* **What you have to do**:
Pictures stay out of the copy. Retype exactly the lines below from the one with "項(xiàng)目進(jìn)度管理軟件多少錢(qián)" through the one with "Personalised FLOWERS Family".

[Opening Available data section]

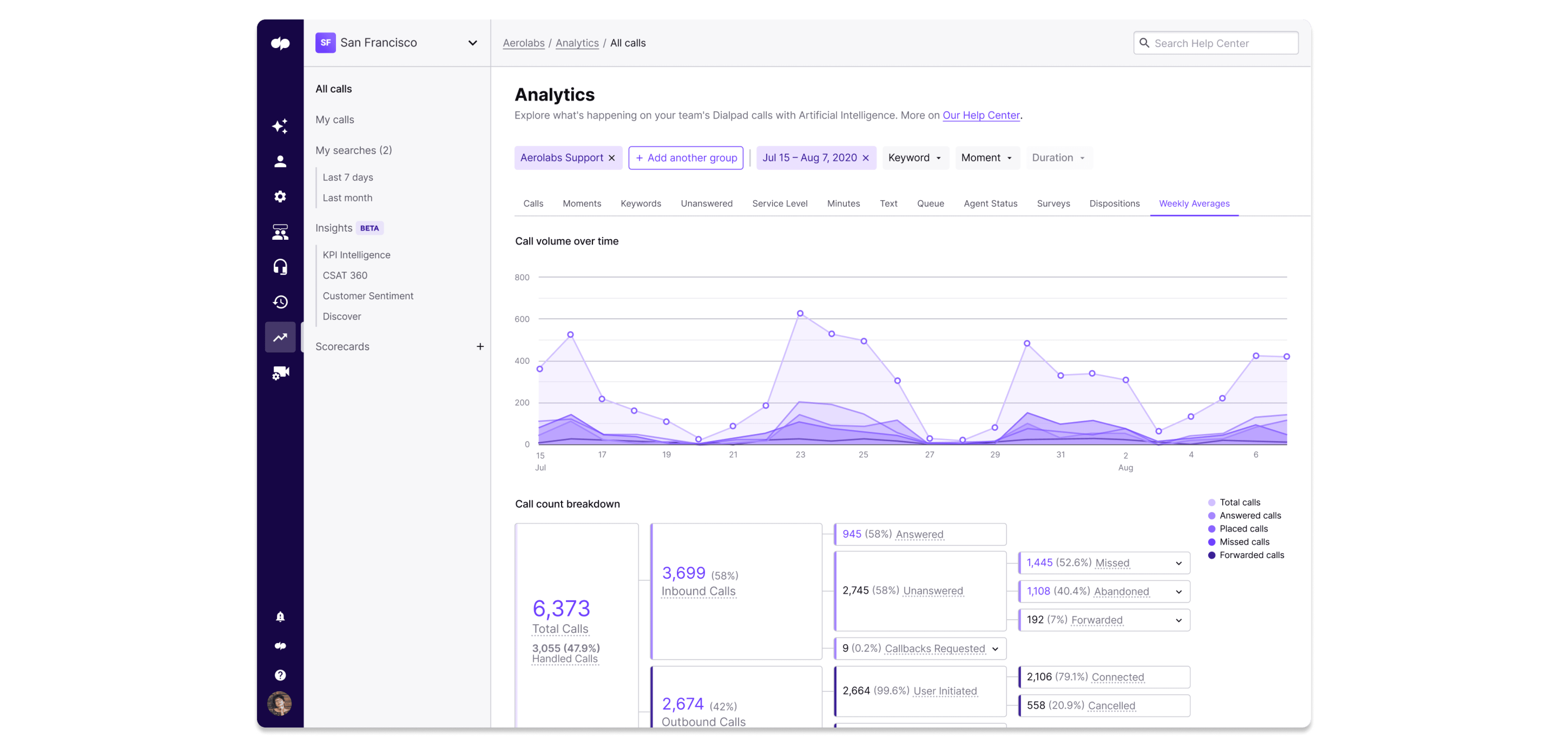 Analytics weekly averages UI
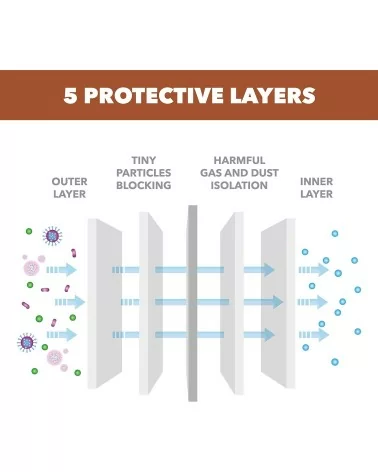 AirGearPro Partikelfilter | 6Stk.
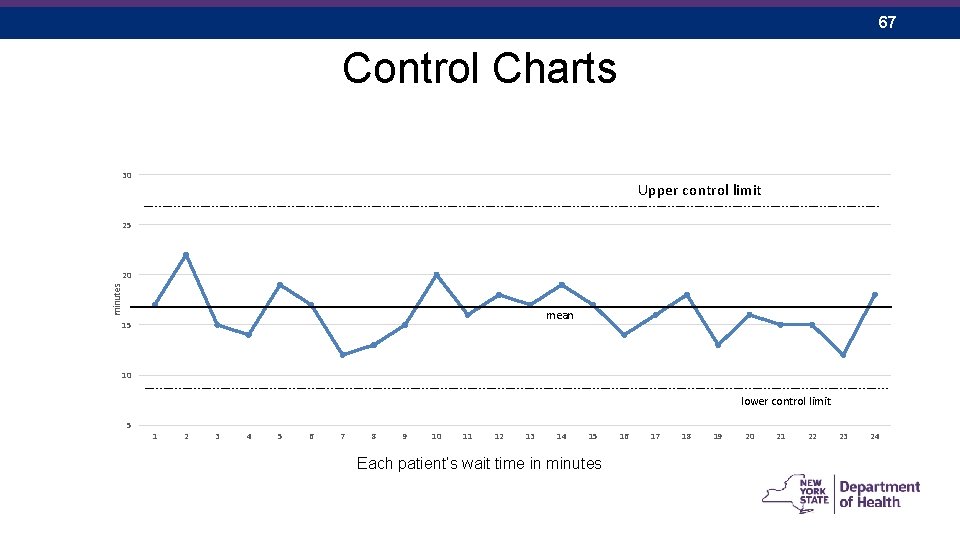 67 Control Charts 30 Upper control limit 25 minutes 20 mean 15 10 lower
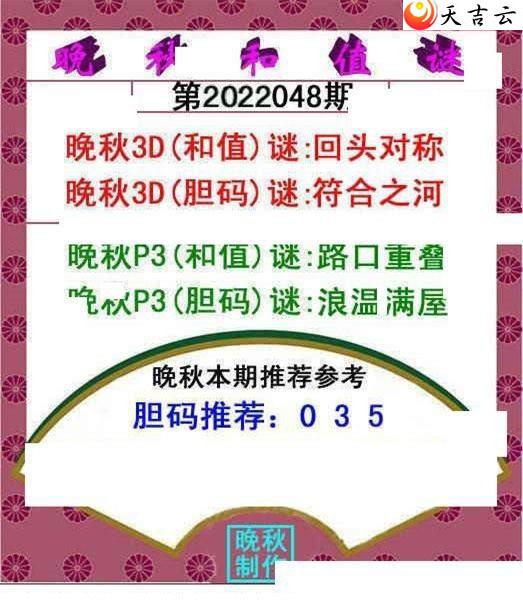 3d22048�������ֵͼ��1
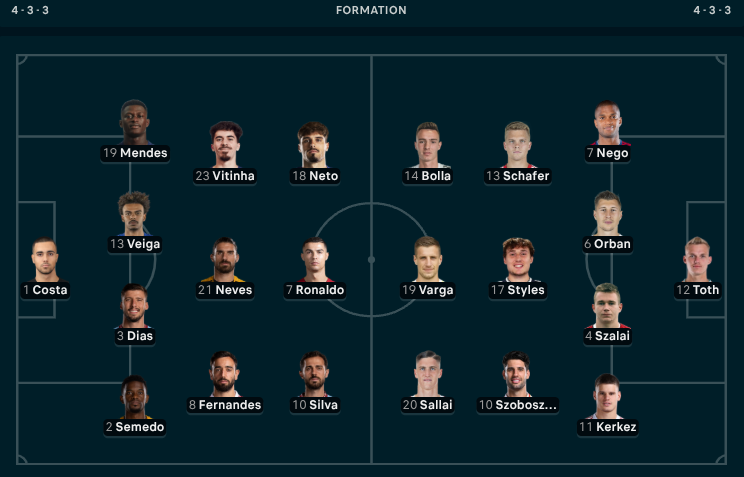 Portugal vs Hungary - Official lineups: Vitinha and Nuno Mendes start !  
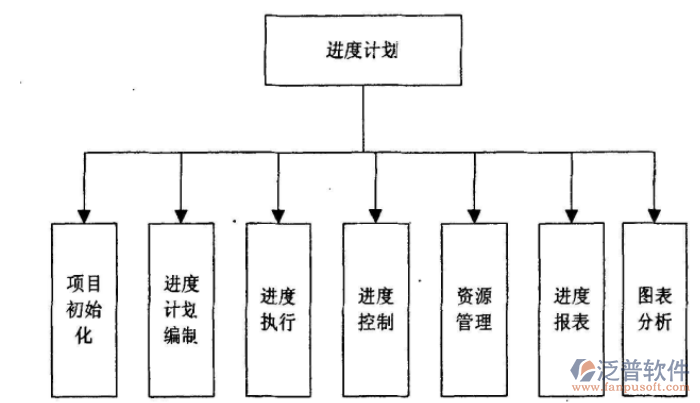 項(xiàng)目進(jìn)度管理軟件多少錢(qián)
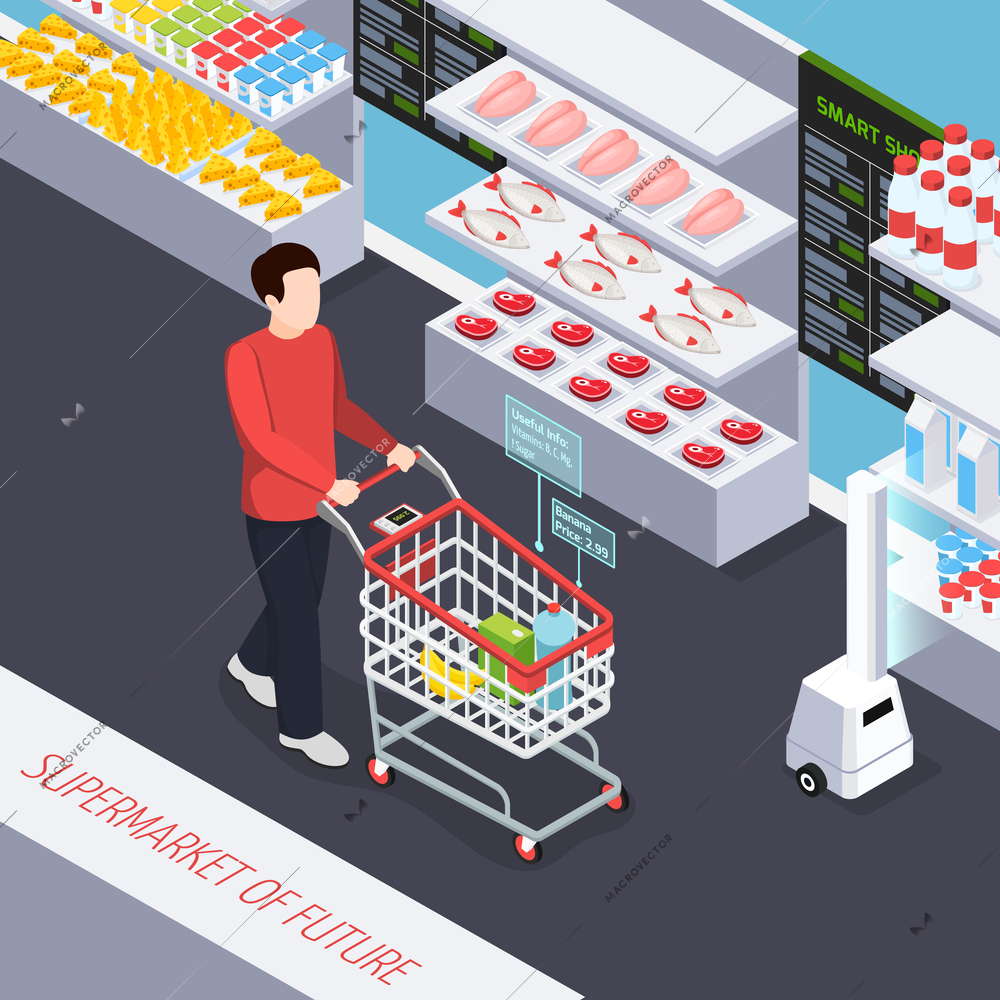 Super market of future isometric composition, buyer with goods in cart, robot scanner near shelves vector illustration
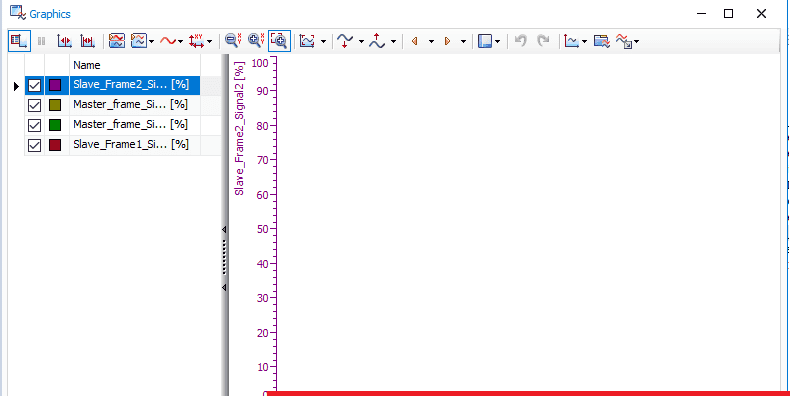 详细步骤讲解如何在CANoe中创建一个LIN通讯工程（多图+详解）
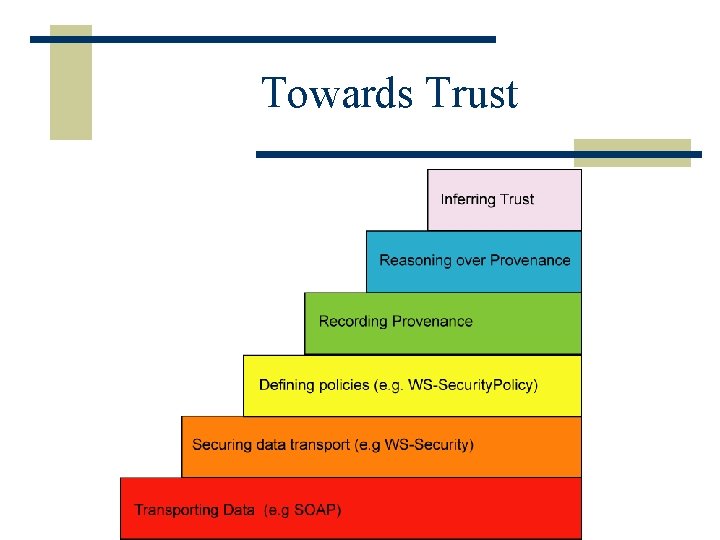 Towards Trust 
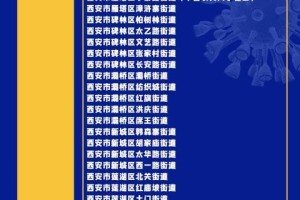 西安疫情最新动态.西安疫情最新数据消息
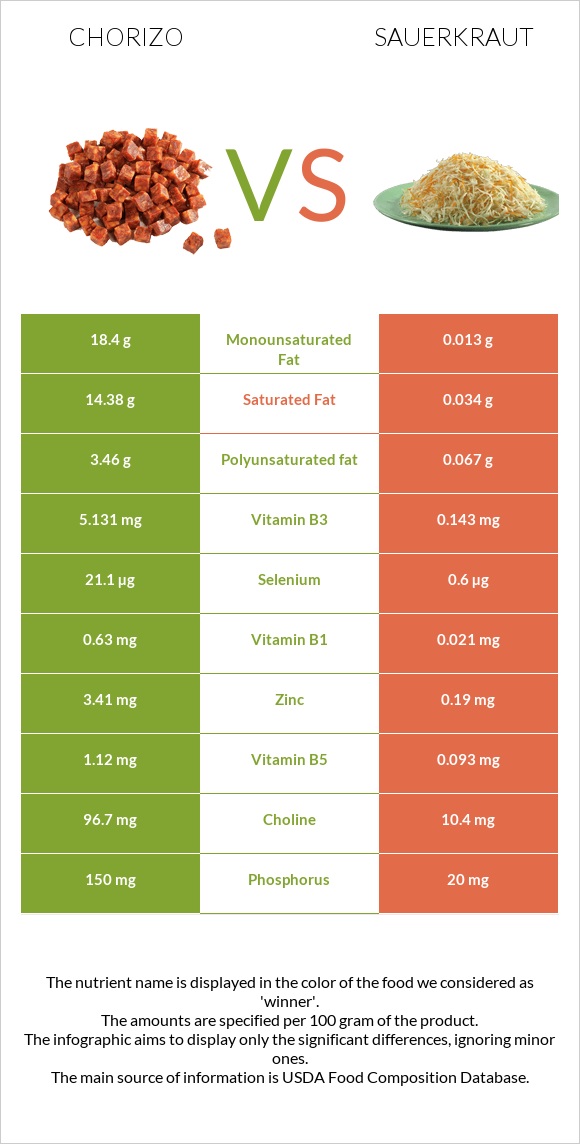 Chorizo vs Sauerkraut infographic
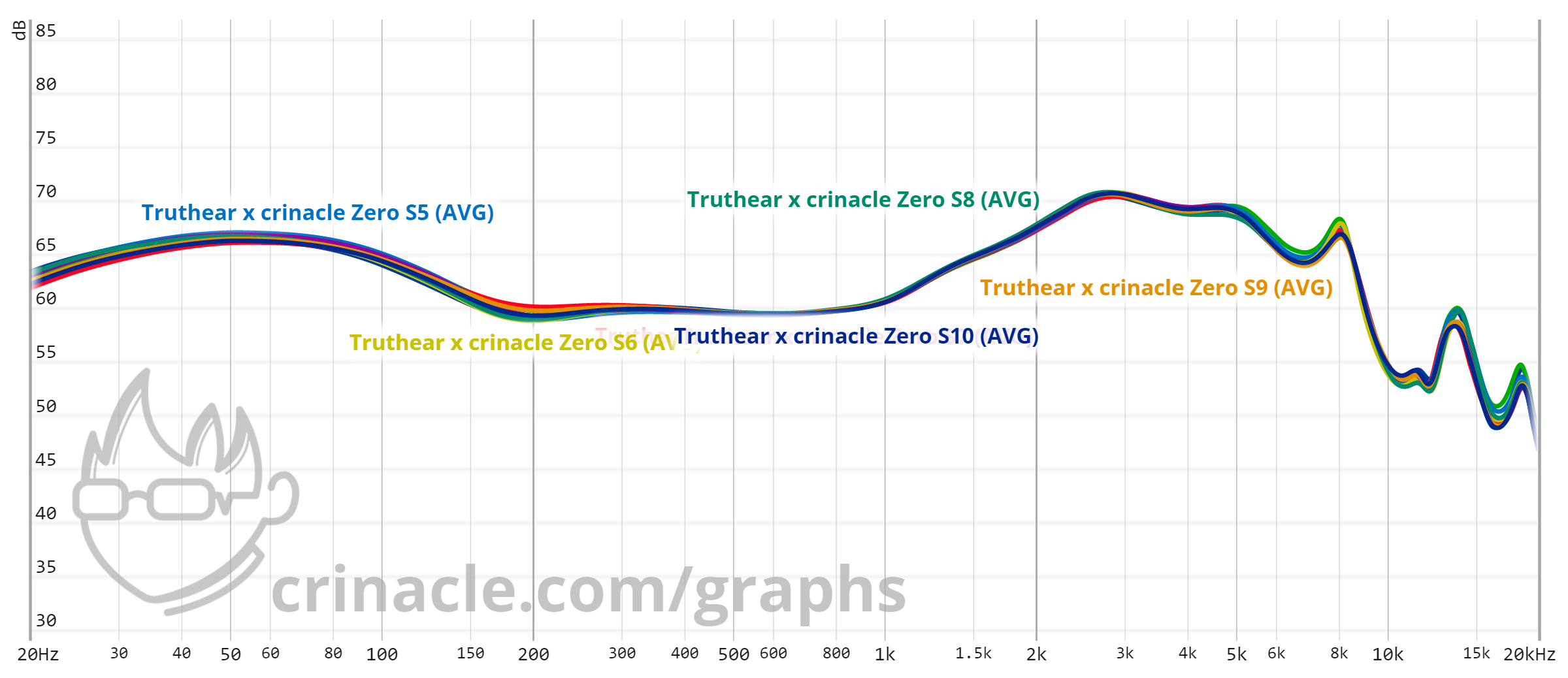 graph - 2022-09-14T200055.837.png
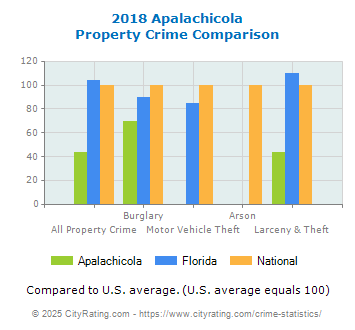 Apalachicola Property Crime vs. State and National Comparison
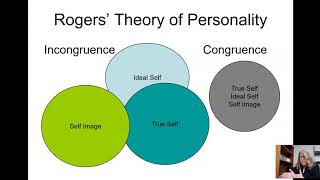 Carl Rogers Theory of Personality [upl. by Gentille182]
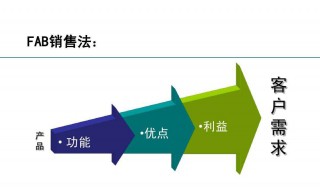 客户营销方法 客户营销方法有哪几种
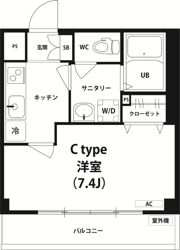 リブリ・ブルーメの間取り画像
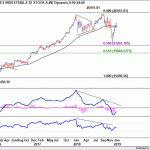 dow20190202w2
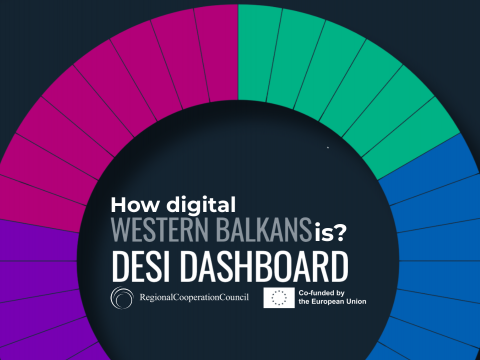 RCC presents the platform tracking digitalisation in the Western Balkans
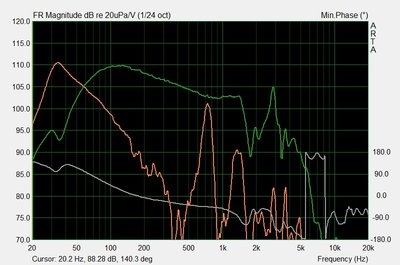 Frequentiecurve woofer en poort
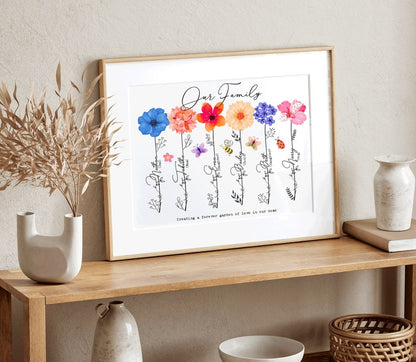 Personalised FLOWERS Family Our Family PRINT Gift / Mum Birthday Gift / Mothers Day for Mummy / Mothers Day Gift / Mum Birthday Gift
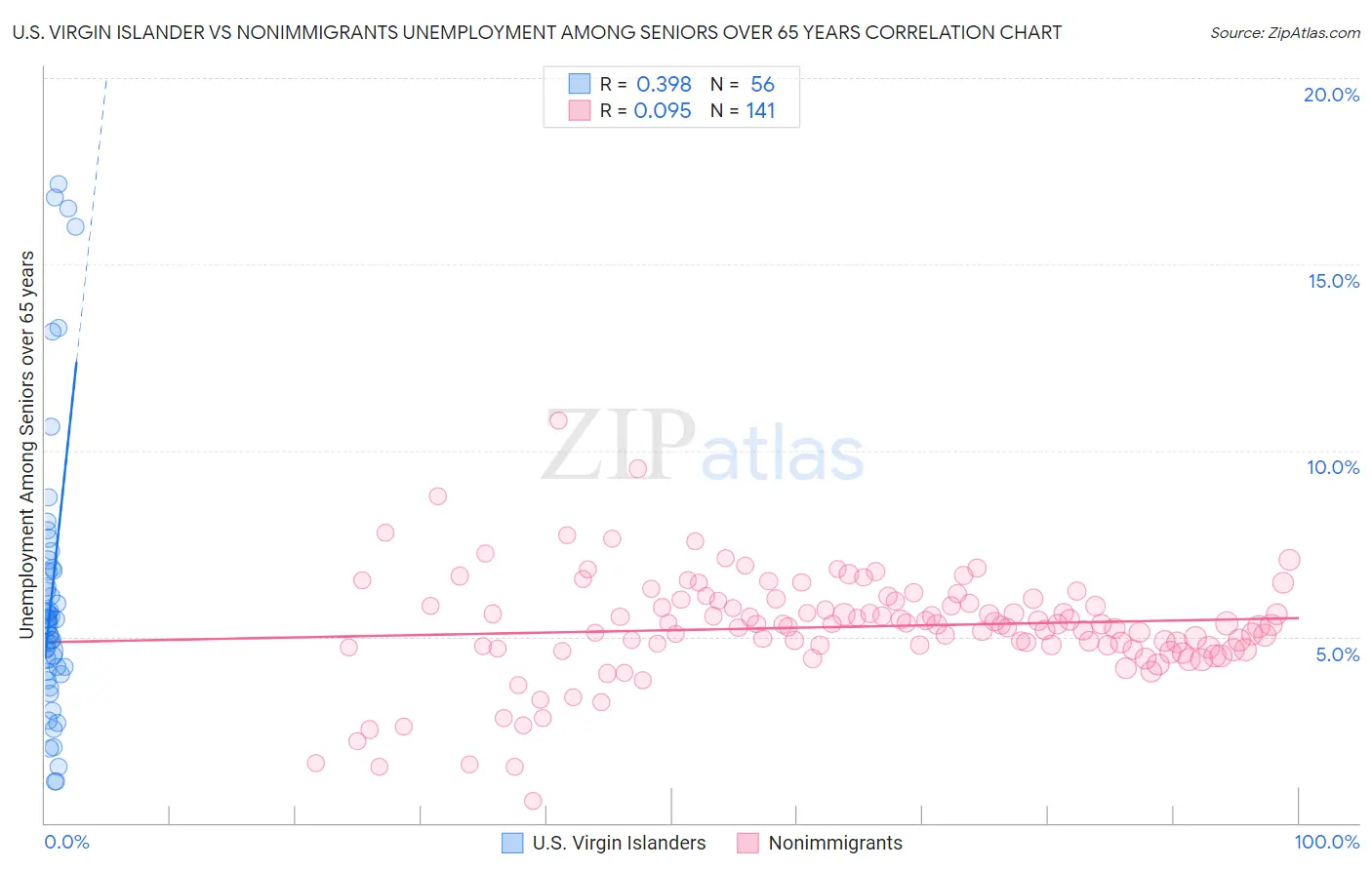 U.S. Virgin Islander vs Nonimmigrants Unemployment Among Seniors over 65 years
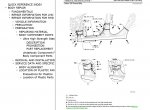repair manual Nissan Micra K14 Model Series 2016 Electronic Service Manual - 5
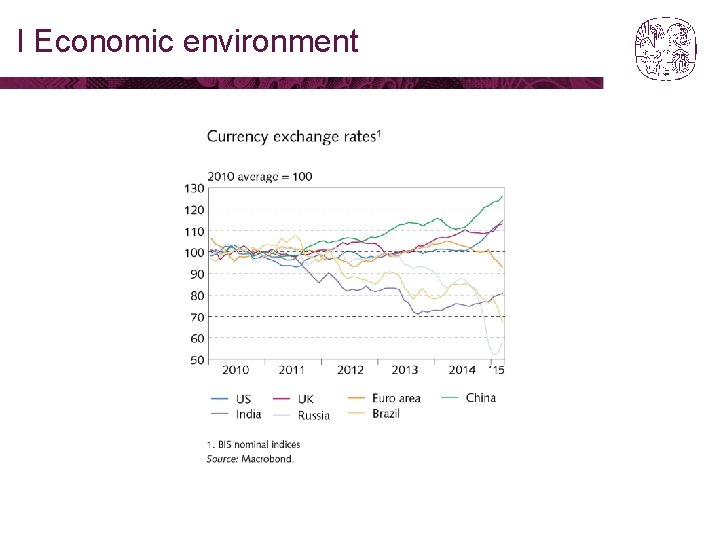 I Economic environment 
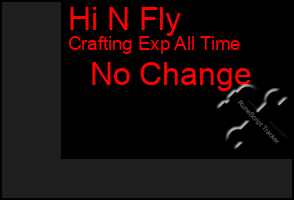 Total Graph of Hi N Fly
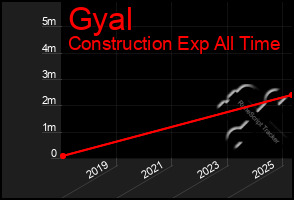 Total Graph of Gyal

[Closing Available data section]

* **Task output**:
 項(xiàng)目進(jìn)度管理軟件多少錢(qián)
 Super market of future isometric composition, buyer with goods in cart, robot scanner near shelves vector illustration
 详细步骤讲解如何在CANoe中创建一个LIN通讯工程（多图+详解）
 Towards Trust 
 西安疫情最新动态.西安疫情最新数据消息
 Chorizo vs Sauerkraut infographic
 graph - 2022-09-14T200055.837.png
 Apalachicola Property Crime vs. State and National Comparison
 Carl Rogers Theory of Personality [upl. by Gentille182]
 客户营销方法 客户营销方法有哪几种
 リブリ・ブルーメの間取り画像
 dow20190202w2
 RCC presents the platform tracking digitalisation in the Western Balkans
 Frequentiecurve woofer en poort
 Personalised FLOWERS Family Our Family PRINT Gift / Mum Birthday Gift / Mothers Day for Mummy / Mothers Day Gift / Mum Birthday Gift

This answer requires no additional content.